EXERCISE. The output has to be the full set of records, reproduced exactly, minus any picture.

Start of TASK DATA

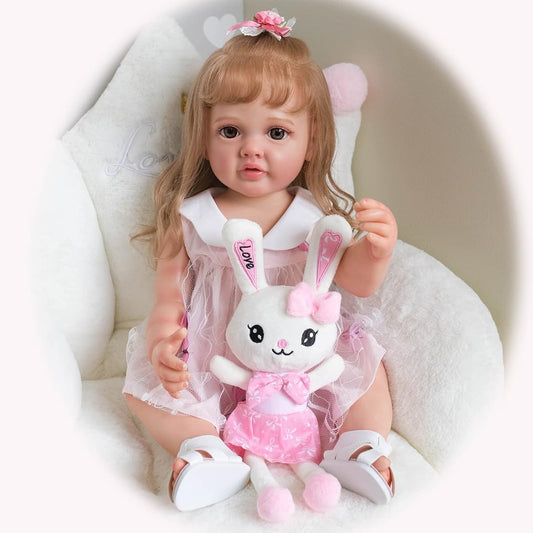55CM Full Body Silicone Reborn Doll Princess Toddler Realistic Baby Doll Handmade 3D Skin Multi-layer Painting with Visible Veins,Brown Eyes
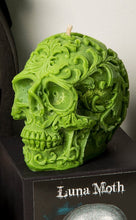 Load image into Gallery viewer, Blue Sage &amp; Seasalt Filigree Skull Candle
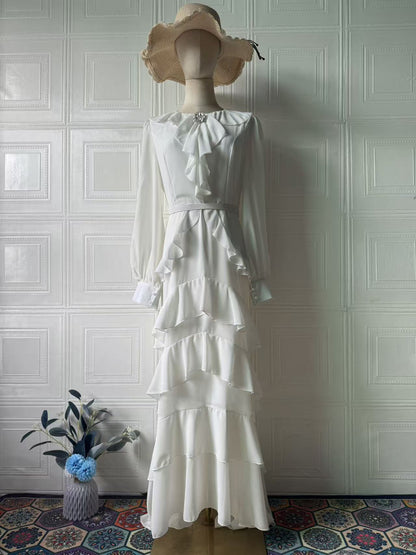Waist Cinching Mermaid Maxi Dress – Lantern Sleeve Stand Collar Women’s Long Dress | 5 Colors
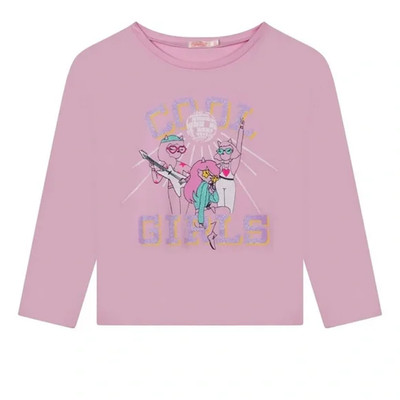 Billieblush NWT Girl's Cute Pink Cotton Jersey Long Sleeves Top w/Print, Sz 12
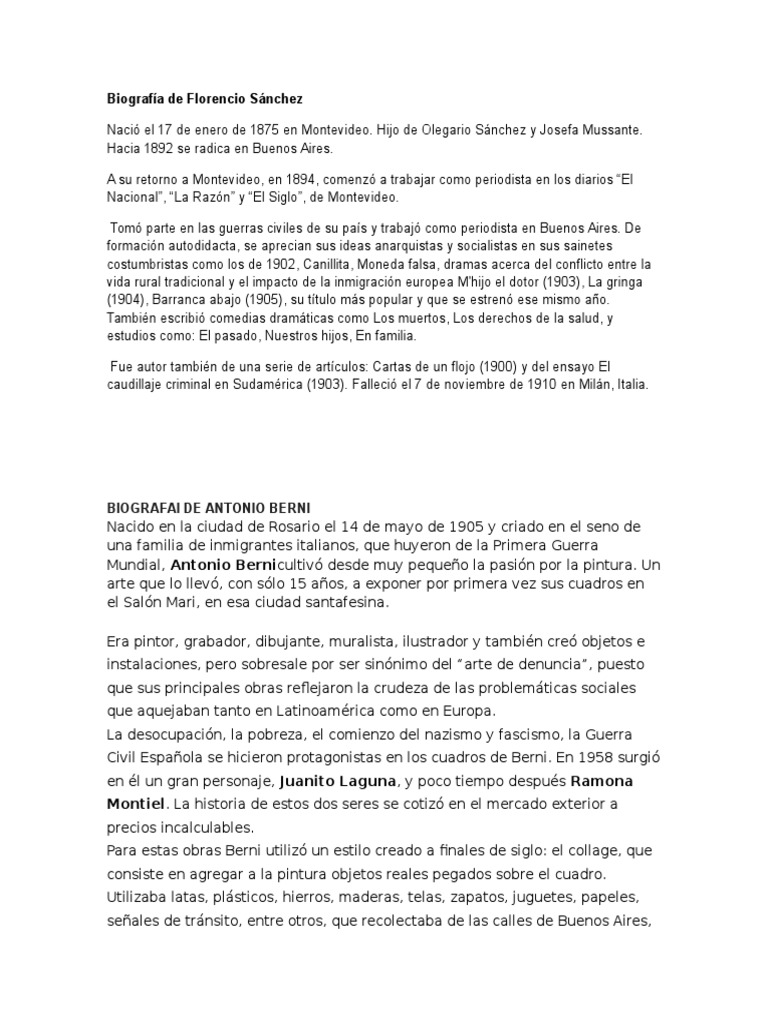 Biografia De Florencio Sanchez Pdf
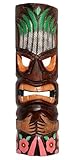 Wogeka - Bunte 50 cm TIKI Maori Wand-Maske - im Neuseeland Style aus Holz als Geschenk-Idee zu Weihnachten Geburtstag Dekoration - Handarbeit Schnitzerei von Bali (TIKIB06)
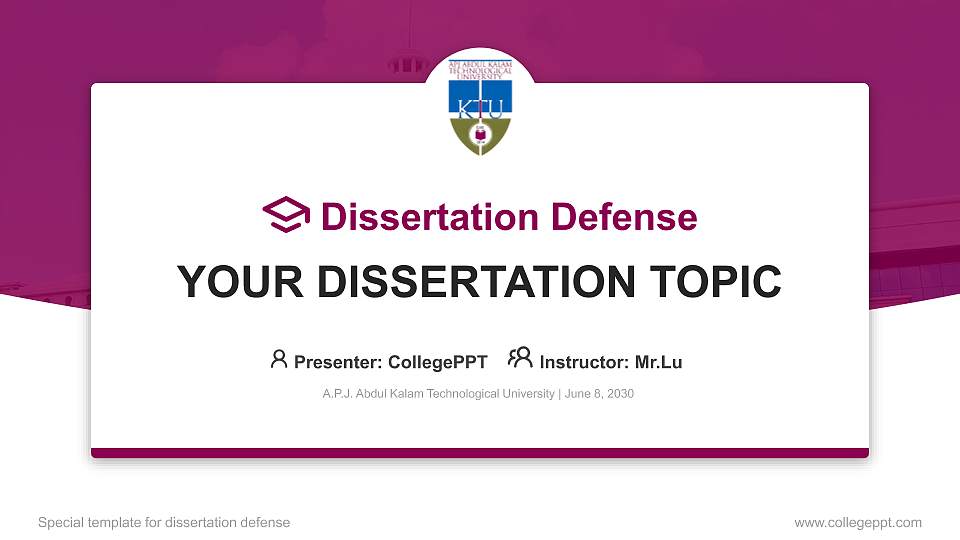 A.P.J. Abdul Kalam Technological University Graduation Thesis Defense PPT Template16:9 ratio PPT effect preview image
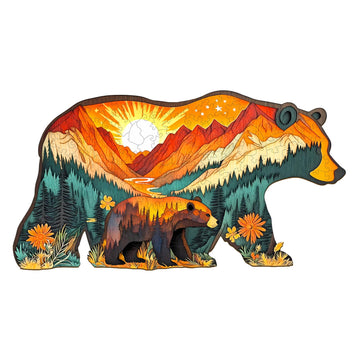 Wooden Puzzles for Adults - Challenging Bears in The Forest Adult Puzzle, Unique Animal Shaped Wooden Jigsaw Puzzles for Adults,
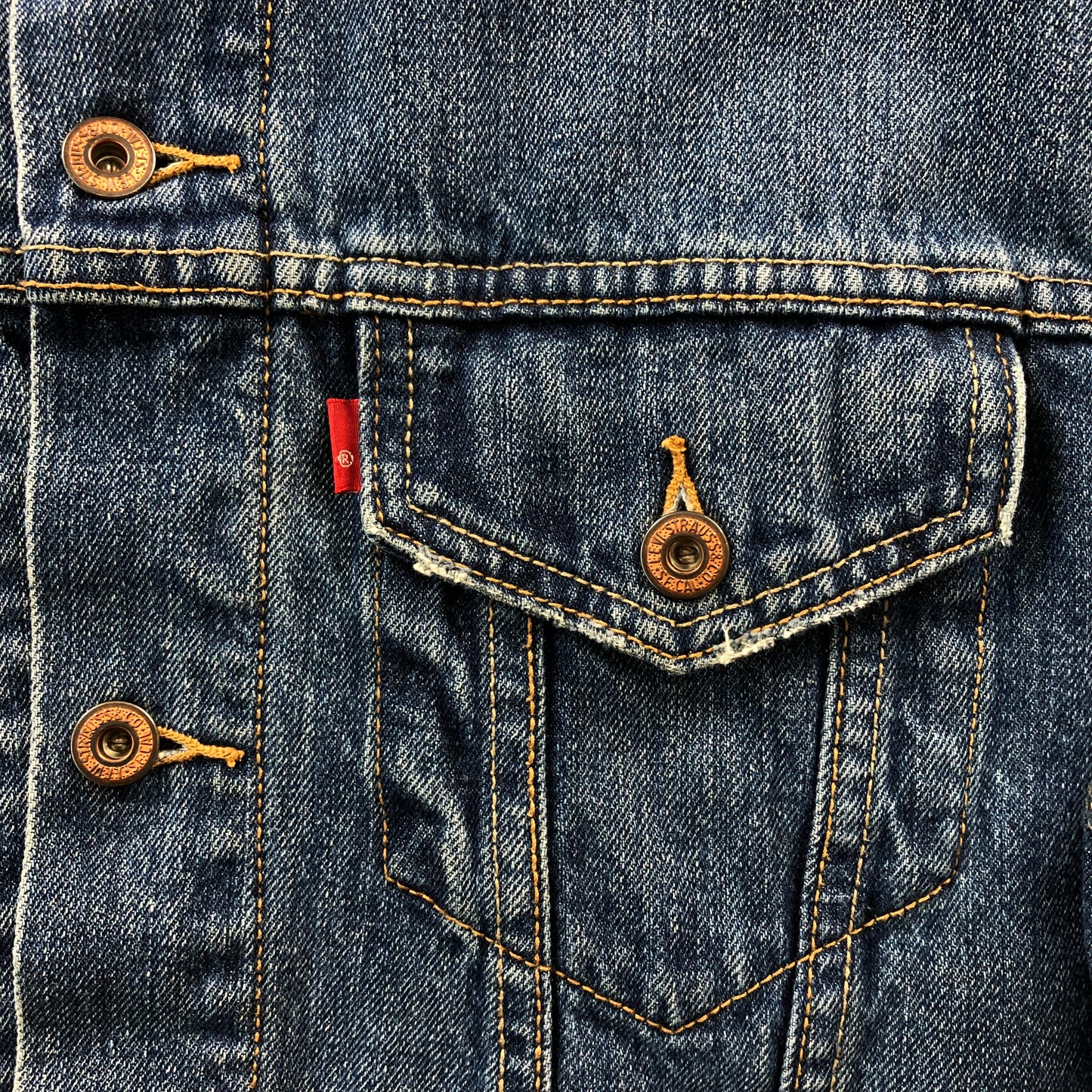 Vintage Levis Plaid Lined Denim Button Jacket L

End of TASK DATA

RESULT OF THE EXERCISE.
55CM Full Body Silicone Reborn Doll Princess Toddler Realistic Baby Doll Handmade 3D Skin Multi-layer Painting with Visible Veins,Brown Eyes
 Load image into Gallery viewer, Blue Sage &amp; Seasalt Filigree Skull Candle
Waist Cinching Mermaid Maxi Dress – Lantern Sleeve Stand Collar Women’s Long Dress | 5 Colors
 Billieblush NWT Girl's Cute Pink Cotton Jersey Long Sleeves Top w/Print, Sz 12
 Biografia De Florencio Sanchez Pdf
 Wogeka - Bunte 50 cm TIKI Maori Wand-Maske - im Neuseeland Style aus Holz als Geschenk-Idee zu Weihnachten Geburtstag Dekoration - Handarbeit Schnitzerei von Bali (TIKIB06)
 A.P.J. Abdul Kalam Technological University Graduation Thesis Defense PPT Template16:9 ratio PPT effect preview image
 Wooden Puzzles for Adults - Challenging Bears in The Forest Adult Puzzle, Unique Animal Shaped Wooden Jigsaw Puzzles for Adults,
 Vintage Levis Plaid Lined Denim Button Jacket L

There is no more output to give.